* [Task objective]: In the records below, find the line that contains "Copertura gonfiabile per" and the line that contains "Fashion Lace Collar", then retype exactly those two lines and every line between them.

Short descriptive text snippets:

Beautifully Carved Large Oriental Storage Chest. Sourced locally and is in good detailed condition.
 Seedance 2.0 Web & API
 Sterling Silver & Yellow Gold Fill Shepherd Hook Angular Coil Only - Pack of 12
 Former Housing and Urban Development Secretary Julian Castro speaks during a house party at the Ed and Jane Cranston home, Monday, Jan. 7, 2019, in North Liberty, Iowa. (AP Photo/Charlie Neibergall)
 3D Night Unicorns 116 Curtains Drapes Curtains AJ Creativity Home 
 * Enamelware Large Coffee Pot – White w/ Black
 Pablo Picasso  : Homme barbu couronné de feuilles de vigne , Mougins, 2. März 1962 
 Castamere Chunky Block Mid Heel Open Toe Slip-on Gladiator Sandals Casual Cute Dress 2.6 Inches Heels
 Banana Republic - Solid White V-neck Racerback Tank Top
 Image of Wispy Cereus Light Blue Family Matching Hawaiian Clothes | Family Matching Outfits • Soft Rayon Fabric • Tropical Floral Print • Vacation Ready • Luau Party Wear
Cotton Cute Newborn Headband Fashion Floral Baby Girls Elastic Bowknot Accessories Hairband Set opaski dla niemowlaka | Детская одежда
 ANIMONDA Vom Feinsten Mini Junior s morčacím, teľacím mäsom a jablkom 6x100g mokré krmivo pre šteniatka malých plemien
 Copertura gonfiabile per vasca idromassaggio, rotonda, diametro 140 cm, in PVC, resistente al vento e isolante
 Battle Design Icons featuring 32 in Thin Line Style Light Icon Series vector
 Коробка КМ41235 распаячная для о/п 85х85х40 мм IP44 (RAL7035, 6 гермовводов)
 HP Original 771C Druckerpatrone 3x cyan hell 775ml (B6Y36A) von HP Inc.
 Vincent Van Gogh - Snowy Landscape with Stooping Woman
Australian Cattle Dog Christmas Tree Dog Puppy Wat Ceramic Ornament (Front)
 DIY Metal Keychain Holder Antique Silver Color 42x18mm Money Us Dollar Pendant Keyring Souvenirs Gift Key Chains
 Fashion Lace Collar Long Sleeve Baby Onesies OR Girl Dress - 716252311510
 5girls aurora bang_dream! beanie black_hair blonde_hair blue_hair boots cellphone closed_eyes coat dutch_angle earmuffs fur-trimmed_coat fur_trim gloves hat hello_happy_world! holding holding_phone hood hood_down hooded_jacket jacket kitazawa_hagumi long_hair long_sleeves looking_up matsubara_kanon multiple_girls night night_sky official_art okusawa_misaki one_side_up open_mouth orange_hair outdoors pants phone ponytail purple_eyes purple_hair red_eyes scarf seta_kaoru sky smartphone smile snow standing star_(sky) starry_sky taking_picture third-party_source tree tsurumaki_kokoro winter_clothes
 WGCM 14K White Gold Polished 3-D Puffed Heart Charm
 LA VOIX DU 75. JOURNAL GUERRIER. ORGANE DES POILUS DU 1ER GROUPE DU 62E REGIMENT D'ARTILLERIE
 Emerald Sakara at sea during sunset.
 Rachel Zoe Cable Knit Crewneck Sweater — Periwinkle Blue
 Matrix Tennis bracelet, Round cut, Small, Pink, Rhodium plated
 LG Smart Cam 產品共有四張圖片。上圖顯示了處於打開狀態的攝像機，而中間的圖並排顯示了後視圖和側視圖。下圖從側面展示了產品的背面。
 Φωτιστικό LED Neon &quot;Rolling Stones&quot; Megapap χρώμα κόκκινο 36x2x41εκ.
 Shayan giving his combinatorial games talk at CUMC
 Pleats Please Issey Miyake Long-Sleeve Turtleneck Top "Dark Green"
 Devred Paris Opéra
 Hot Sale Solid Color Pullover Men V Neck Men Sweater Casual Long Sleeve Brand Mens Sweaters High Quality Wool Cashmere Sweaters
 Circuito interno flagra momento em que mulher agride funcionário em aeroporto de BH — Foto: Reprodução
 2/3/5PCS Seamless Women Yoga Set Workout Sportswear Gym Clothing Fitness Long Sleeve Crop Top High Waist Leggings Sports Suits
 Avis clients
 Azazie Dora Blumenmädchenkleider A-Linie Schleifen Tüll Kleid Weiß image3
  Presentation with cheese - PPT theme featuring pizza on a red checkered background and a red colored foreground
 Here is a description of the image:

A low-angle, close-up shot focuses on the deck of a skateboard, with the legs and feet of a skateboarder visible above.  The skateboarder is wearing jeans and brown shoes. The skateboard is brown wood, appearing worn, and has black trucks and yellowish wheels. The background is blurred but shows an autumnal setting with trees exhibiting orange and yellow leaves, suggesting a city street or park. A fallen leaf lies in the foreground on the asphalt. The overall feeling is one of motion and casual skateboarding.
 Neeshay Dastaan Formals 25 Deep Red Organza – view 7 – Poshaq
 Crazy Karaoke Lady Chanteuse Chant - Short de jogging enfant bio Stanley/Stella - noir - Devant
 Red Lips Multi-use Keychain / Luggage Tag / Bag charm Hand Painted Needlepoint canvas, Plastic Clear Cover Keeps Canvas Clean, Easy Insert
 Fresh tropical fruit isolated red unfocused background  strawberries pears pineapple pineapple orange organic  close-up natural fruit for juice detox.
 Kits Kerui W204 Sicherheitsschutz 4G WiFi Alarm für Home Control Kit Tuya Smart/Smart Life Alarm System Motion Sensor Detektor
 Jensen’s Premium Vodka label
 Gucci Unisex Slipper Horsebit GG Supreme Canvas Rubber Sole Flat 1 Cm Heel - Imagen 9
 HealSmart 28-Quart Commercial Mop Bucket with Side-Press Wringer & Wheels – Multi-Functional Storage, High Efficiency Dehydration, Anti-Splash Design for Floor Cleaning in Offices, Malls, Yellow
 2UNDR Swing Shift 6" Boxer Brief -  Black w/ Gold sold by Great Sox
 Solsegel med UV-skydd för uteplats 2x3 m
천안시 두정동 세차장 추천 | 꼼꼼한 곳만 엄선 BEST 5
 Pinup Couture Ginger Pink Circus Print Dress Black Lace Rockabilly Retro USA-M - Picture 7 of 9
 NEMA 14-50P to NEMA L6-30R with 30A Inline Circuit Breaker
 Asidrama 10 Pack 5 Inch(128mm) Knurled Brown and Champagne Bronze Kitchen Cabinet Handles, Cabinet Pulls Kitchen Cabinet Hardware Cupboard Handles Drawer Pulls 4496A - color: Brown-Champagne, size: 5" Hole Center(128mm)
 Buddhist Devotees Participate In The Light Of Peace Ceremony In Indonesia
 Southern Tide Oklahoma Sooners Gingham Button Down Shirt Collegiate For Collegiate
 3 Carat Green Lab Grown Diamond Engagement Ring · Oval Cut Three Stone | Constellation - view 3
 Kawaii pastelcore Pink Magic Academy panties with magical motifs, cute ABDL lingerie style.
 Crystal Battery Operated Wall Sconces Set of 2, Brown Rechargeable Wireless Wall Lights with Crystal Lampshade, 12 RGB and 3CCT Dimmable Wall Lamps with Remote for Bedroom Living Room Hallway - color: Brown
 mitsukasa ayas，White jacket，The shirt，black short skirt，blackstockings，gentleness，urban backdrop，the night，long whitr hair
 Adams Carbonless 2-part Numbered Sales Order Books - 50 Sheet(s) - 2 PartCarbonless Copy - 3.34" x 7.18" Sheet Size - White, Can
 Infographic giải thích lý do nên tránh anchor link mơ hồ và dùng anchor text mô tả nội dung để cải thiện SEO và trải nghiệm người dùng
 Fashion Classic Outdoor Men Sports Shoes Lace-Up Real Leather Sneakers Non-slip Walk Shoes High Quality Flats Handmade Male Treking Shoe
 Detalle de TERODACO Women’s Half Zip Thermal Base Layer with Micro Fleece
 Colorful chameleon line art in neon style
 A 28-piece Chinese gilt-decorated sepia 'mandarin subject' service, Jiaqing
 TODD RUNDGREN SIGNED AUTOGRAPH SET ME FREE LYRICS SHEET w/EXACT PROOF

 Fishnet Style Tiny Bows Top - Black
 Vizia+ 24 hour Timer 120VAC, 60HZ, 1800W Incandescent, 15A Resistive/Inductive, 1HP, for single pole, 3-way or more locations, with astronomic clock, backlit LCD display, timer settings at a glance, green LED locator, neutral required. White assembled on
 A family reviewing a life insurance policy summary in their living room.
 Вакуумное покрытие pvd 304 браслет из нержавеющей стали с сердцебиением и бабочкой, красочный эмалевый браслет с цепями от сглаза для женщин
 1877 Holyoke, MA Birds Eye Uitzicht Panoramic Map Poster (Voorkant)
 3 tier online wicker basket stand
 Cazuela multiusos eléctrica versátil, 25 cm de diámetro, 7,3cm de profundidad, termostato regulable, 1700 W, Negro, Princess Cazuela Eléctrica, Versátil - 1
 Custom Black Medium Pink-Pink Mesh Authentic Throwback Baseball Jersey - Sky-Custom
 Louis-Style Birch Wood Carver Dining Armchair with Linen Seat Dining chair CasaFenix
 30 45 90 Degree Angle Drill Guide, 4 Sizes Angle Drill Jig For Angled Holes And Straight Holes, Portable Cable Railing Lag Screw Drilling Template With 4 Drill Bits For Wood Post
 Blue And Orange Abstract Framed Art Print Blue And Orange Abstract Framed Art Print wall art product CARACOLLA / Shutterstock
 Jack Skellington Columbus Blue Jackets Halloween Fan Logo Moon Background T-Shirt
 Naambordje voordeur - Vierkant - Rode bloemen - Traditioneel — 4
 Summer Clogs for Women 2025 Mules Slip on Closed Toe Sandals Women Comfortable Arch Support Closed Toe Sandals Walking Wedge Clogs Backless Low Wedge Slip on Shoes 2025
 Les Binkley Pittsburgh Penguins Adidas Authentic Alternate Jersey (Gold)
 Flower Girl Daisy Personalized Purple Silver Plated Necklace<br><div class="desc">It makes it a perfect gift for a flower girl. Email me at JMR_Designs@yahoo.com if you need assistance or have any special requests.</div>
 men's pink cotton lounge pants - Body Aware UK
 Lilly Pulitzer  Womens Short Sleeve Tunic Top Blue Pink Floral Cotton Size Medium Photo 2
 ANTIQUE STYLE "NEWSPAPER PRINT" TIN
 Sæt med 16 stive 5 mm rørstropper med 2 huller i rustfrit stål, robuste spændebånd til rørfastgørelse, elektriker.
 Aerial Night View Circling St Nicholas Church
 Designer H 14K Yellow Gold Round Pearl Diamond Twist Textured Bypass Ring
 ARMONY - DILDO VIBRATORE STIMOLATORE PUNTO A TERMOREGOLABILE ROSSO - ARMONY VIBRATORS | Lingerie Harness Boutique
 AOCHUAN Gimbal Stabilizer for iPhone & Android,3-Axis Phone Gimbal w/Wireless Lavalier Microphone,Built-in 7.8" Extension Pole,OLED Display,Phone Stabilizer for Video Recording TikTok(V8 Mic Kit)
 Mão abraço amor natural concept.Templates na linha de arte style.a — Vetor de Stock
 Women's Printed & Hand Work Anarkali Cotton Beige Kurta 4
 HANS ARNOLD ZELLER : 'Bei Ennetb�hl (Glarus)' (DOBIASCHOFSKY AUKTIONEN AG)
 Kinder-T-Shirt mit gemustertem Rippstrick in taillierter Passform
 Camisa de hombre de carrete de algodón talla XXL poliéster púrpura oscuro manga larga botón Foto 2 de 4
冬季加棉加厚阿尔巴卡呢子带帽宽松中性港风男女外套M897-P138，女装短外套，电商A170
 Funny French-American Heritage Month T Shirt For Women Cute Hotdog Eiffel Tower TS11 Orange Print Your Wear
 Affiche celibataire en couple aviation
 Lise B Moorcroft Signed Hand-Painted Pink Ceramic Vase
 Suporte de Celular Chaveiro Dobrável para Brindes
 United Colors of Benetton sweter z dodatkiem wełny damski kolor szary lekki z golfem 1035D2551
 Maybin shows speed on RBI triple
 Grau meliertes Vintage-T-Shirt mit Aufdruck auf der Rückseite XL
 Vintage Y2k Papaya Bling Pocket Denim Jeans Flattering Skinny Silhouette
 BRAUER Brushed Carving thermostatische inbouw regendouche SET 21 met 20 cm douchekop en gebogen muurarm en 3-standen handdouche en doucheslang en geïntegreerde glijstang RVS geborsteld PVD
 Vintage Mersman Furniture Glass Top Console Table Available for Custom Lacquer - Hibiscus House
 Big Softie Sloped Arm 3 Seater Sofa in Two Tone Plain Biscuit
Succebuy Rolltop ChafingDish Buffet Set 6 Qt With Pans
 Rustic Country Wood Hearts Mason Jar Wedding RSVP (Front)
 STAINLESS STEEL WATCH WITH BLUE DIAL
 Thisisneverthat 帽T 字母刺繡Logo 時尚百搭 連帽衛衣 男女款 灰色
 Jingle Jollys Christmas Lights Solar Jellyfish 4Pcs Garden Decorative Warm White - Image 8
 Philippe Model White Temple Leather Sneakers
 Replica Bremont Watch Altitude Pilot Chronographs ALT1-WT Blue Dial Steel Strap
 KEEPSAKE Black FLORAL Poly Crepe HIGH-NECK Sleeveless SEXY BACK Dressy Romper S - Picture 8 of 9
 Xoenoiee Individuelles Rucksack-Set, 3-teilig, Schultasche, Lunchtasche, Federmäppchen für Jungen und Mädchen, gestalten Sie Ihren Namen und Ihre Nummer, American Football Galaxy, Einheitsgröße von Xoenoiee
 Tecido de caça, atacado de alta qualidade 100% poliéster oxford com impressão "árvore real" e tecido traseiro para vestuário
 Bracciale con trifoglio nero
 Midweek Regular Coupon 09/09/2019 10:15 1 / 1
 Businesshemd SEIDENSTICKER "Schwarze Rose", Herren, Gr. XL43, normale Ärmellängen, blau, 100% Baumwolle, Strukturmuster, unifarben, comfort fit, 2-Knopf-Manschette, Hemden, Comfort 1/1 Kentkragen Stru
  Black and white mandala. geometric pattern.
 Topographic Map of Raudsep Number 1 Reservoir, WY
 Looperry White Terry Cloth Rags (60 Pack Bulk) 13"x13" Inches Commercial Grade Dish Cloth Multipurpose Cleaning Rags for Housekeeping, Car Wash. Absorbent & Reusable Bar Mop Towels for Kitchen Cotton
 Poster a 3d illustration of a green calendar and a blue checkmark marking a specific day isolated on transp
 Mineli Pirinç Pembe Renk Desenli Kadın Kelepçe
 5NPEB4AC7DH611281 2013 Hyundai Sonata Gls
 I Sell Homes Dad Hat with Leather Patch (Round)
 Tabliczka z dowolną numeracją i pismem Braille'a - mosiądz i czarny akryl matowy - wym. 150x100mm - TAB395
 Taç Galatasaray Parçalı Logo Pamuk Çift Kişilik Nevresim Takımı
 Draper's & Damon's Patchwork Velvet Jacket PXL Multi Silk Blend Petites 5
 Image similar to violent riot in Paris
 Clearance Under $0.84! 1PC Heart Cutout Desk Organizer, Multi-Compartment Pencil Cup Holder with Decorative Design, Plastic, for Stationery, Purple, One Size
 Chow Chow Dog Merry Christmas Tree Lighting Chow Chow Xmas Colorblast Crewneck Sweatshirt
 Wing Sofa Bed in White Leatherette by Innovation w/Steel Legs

* [Output below]:
 Copertura gonfiabile per vasca idromassaggio, rotonda, diametro 140 cm, in PVC, resistente al vento e isolante
 Battle Design Icons featuring 32 in Thin Line Style Light Icon Series vector
 Коробка КМ41235 распаячная для о/п 85х85х40 мм IP44 (RAL7035, 6 гермовводов)
 HP Original 771C Druckerpatrone 3x cyan hell 775ml (B6Y36A) von HP Inc.
 Vincent Van Gogh - Snowy Landscape with Stooping Woman
Australian Cattle Dog Christmas Tree Dog Puppy Wat Ceramic Ornament (Front)
 DIY Metal Keychain Holder Antique Silver Color 42x18mm Money Us Dollar Pendant Keyring Souvenirs Gift Key Chains
 Fashion Lace Collar Long Sleeve Baby Onesies OR Girl Dress - 716252311510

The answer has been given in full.